RECORD EXTRACTS:
:::

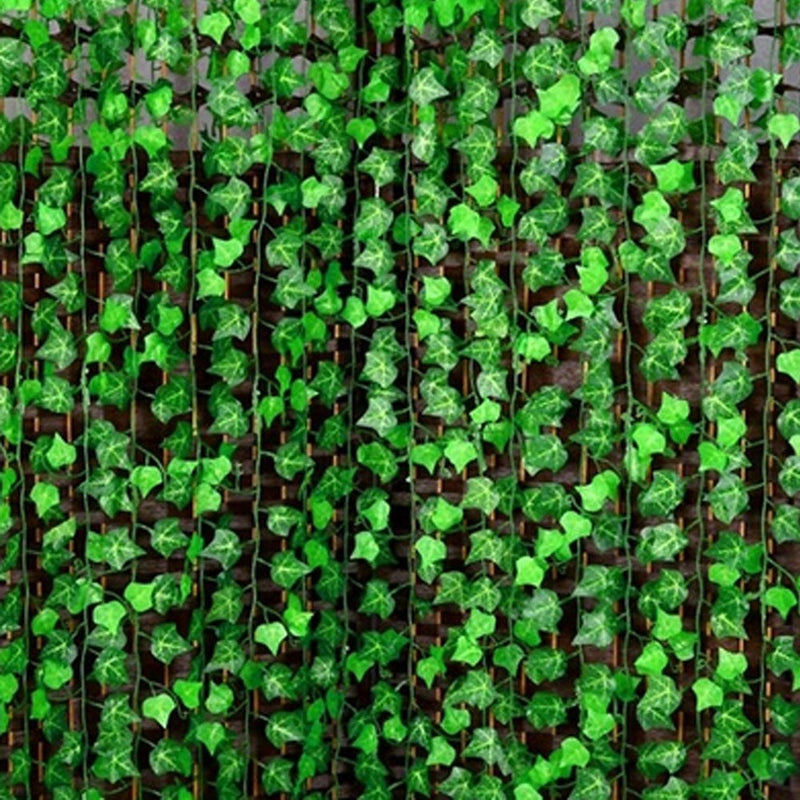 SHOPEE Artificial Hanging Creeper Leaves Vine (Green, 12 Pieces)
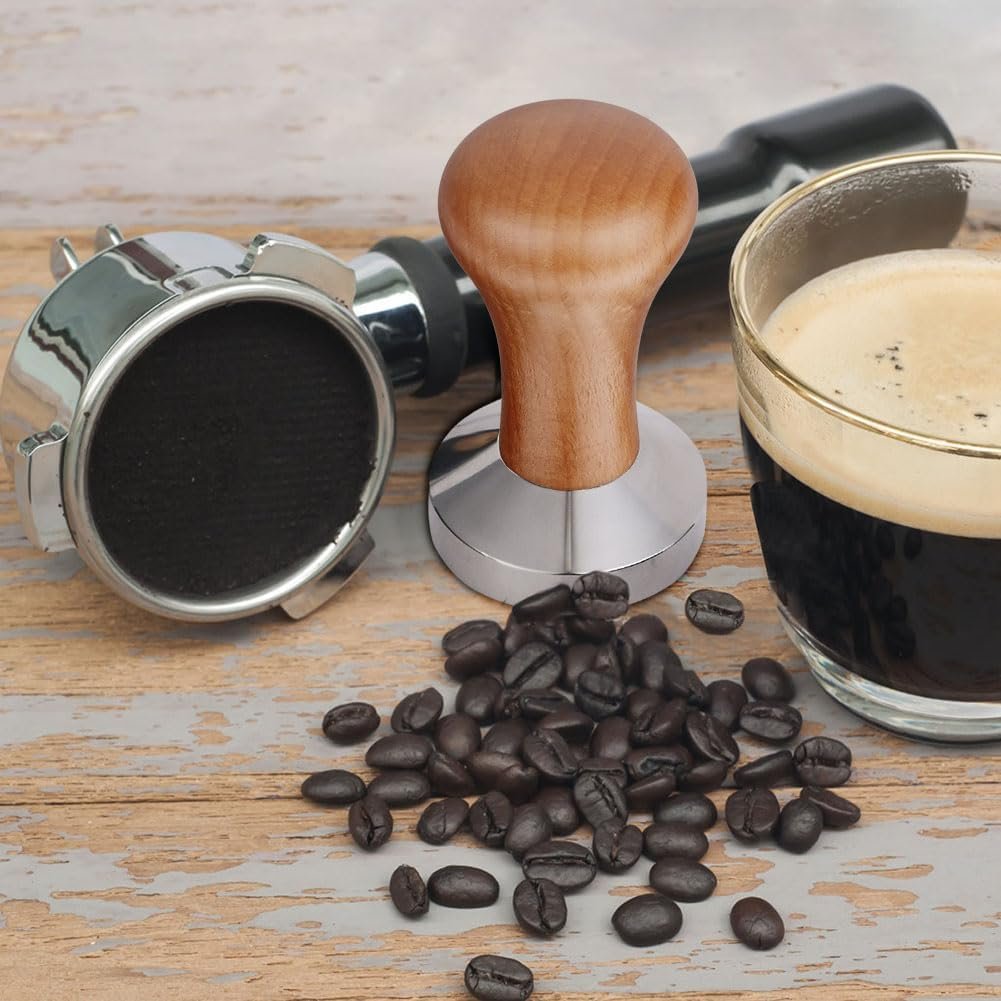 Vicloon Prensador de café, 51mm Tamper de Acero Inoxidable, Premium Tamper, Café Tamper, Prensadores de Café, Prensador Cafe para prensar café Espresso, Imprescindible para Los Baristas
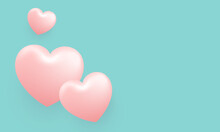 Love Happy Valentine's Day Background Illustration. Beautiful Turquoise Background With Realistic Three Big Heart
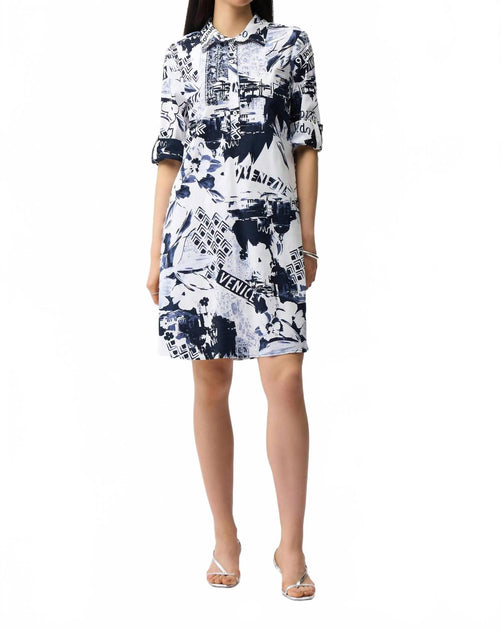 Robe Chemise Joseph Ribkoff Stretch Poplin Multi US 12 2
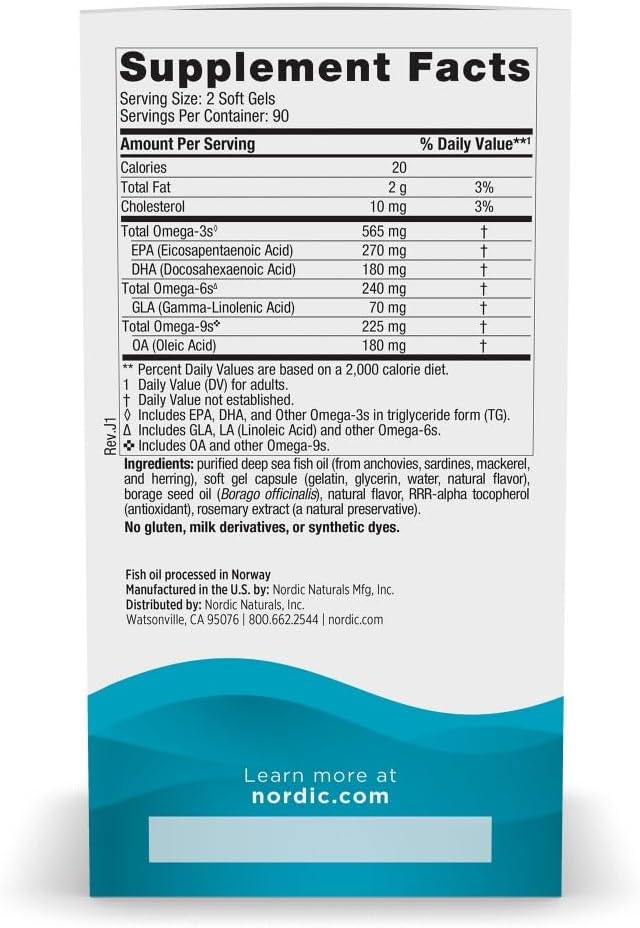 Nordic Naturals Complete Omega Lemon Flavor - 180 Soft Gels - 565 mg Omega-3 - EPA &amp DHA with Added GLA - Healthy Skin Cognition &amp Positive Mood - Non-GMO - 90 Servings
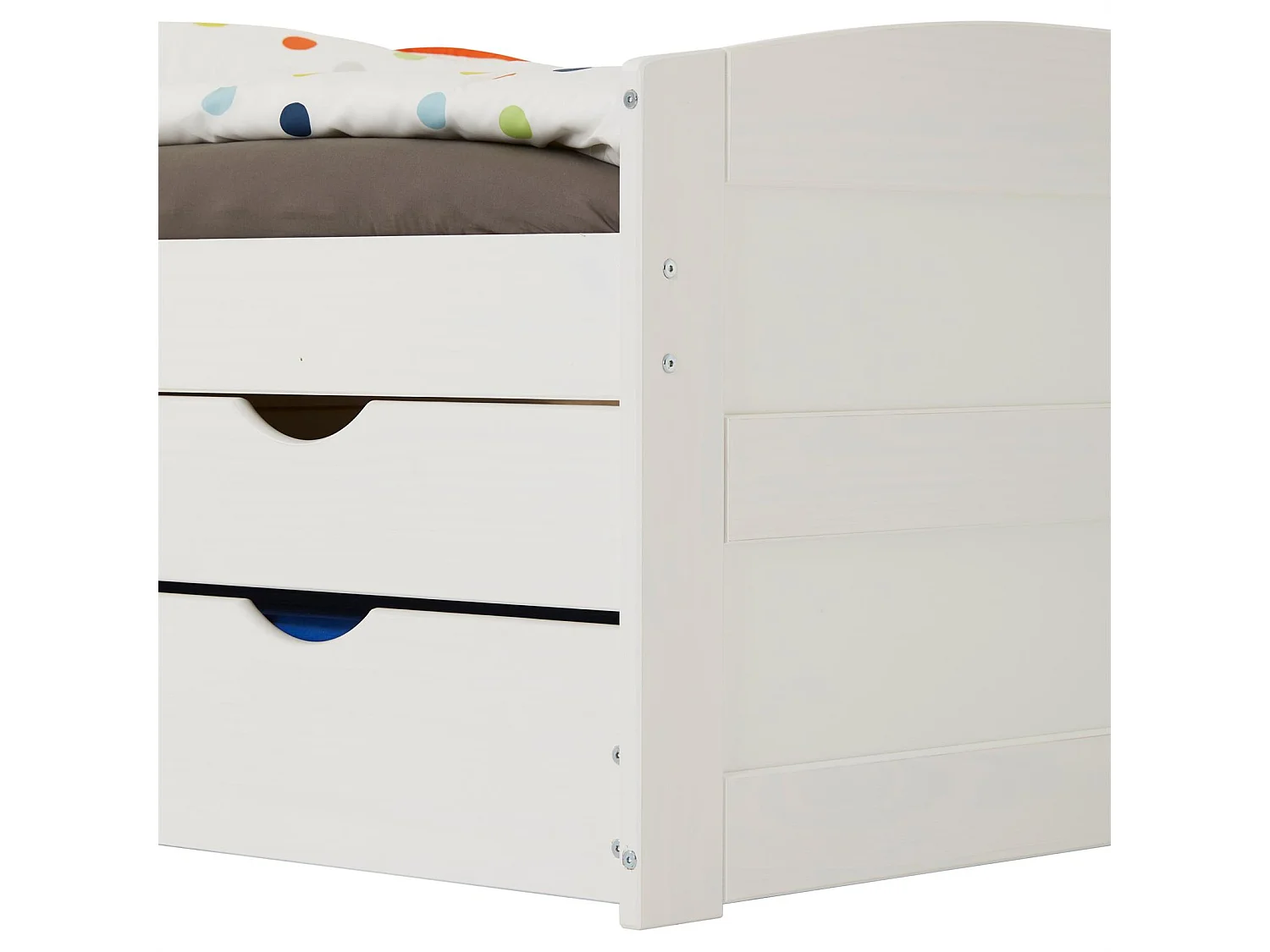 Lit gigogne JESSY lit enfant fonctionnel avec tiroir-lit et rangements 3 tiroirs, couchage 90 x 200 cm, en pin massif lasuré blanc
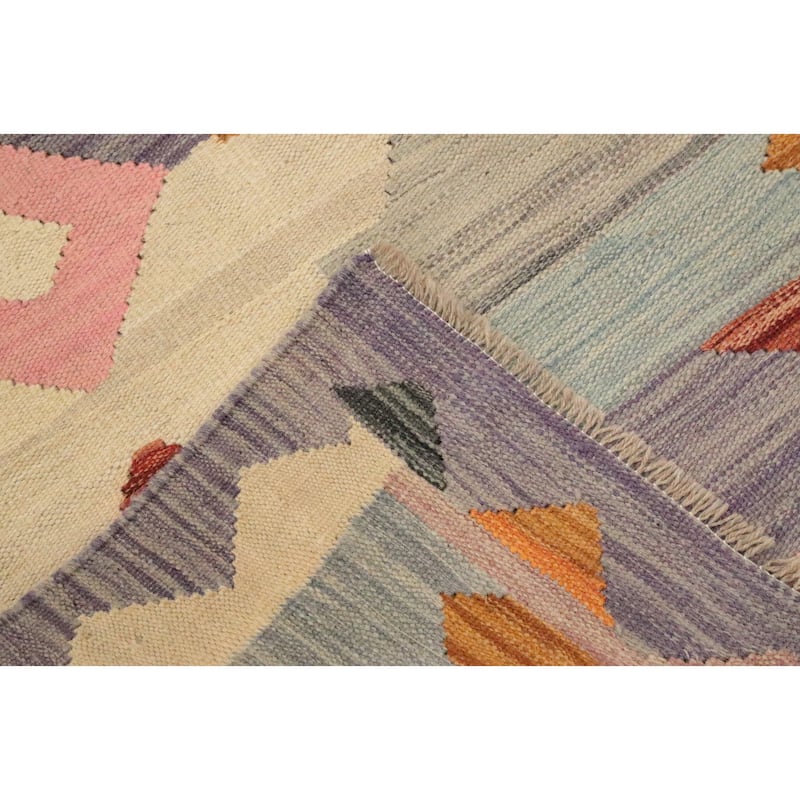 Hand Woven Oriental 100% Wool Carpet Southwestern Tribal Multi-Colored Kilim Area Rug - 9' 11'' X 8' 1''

:::

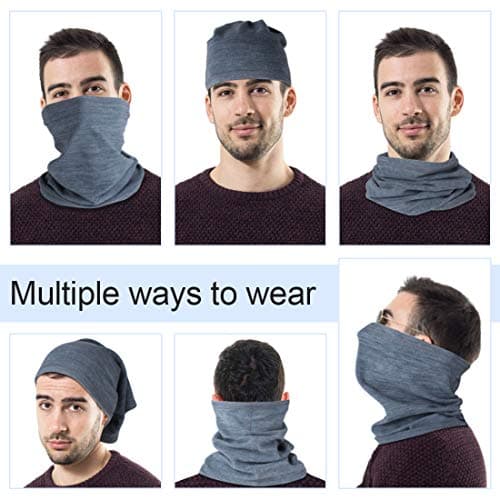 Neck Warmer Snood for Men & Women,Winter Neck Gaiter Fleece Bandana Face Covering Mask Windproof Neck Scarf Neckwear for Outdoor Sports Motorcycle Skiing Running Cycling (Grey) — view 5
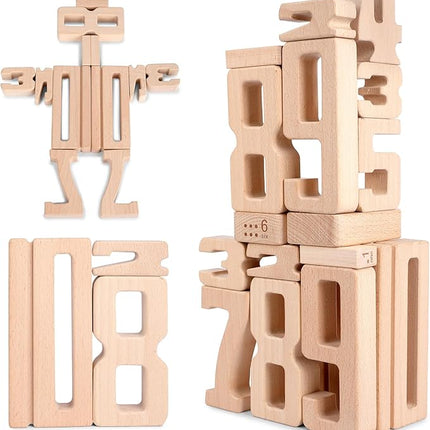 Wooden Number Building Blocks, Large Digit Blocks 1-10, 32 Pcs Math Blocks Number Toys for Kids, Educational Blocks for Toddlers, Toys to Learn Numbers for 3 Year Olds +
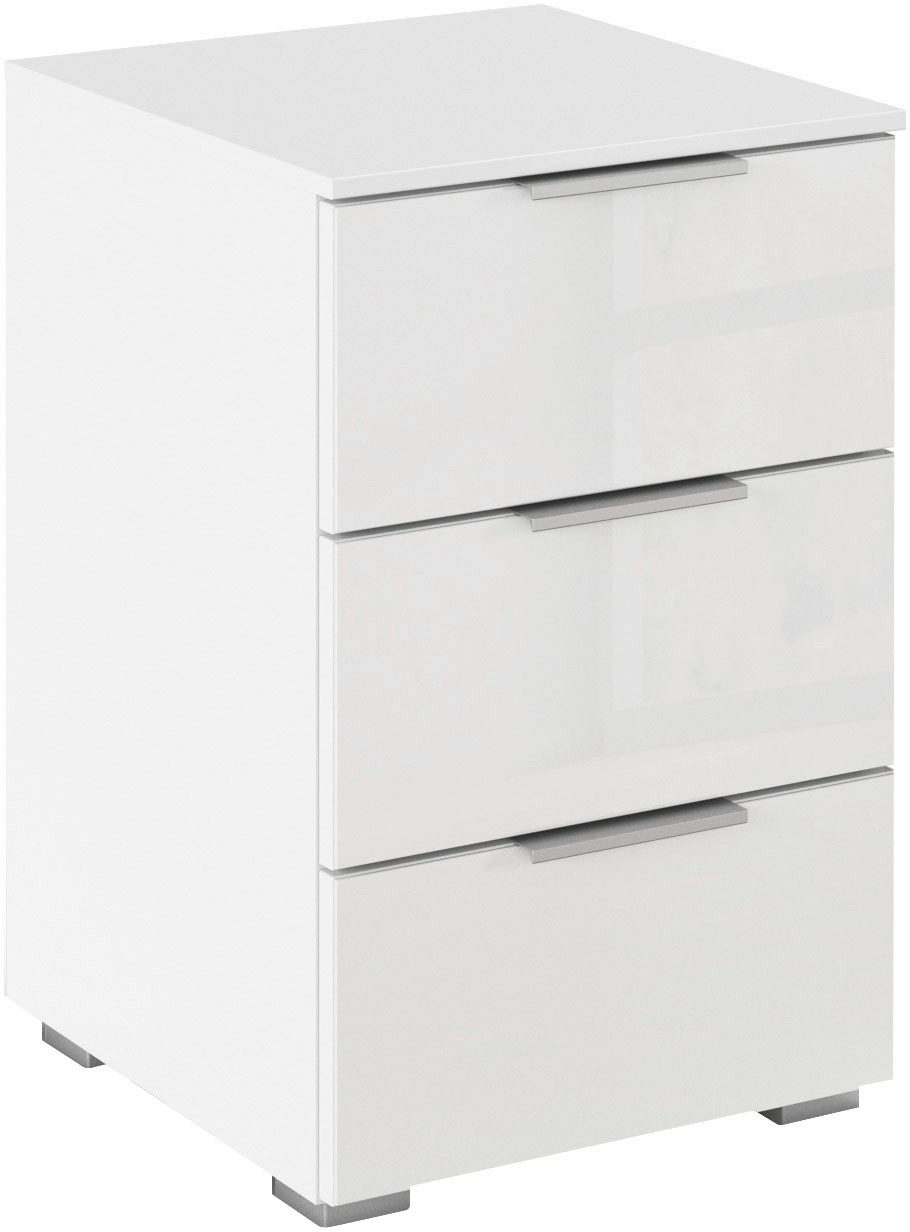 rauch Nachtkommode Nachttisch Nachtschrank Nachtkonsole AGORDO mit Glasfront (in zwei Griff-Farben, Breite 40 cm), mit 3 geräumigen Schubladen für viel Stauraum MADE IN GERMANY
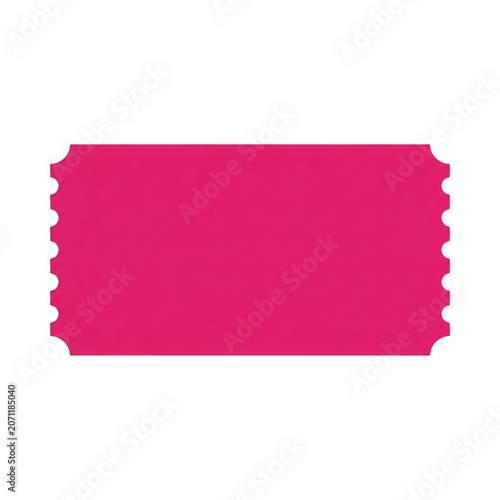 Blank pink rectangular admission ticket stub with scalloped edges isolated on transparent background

:::

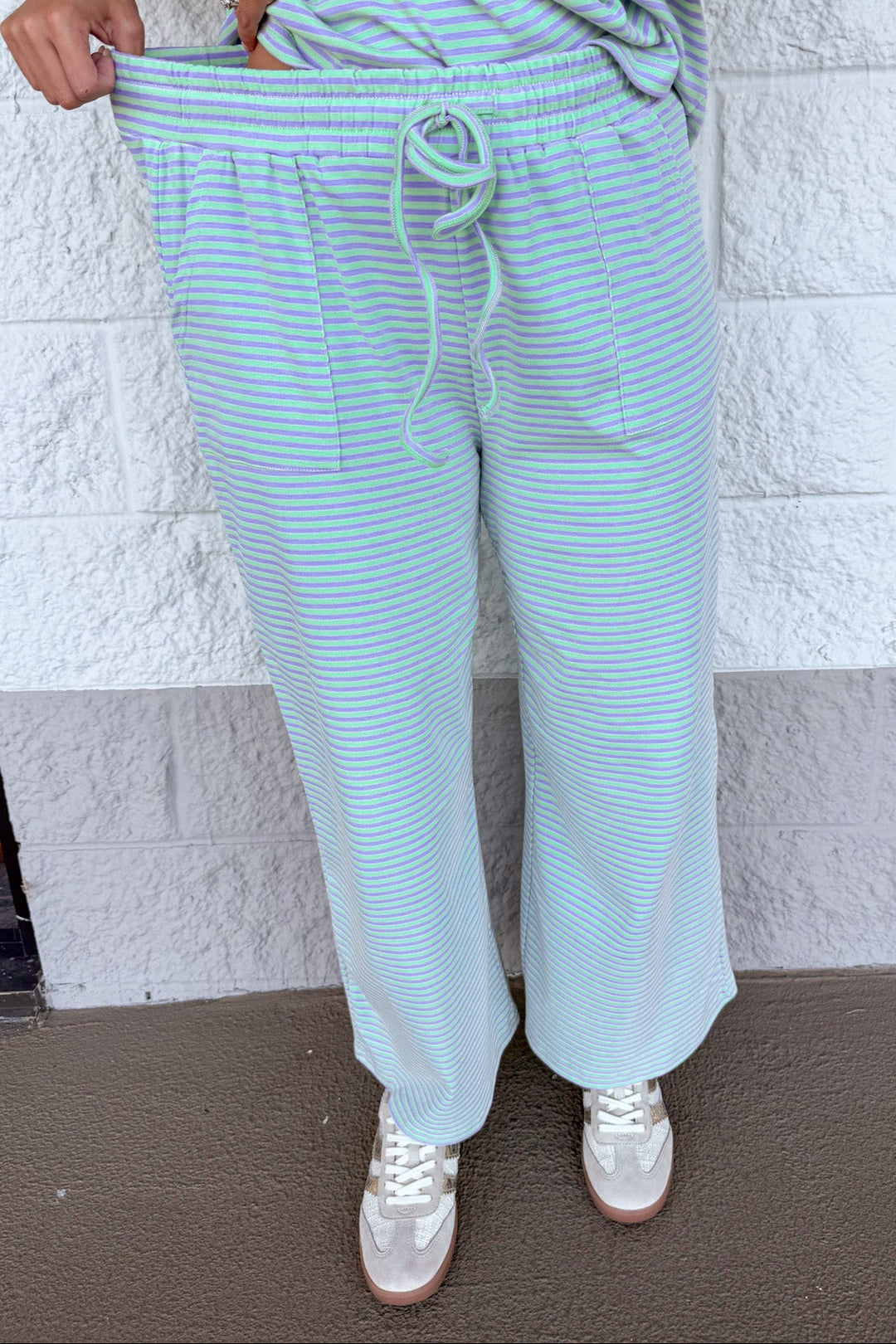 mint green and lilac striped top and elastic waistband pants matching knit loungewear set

:::

AIM OF THE EXERCISE: Start with the line with "Lit gigogne JESSY" in the listing above and stop after the line with "Hand Woven Oriental". Write out exactly the lines in that stretch and no others, without pictures.

WRITTEN REPLY:
 Lit gigogne JESSY lit enfant fonctionnel avec tiroir-lit et rangements 3 tiroirs, couchage 90 x 200 cm, en pin massif lasuré blanc
 Hand Woven Oriental 100% Wool Carpet Southwestern Tribal Multi-Colored Kilim Area Rug - 9' 11'' X 8' 1''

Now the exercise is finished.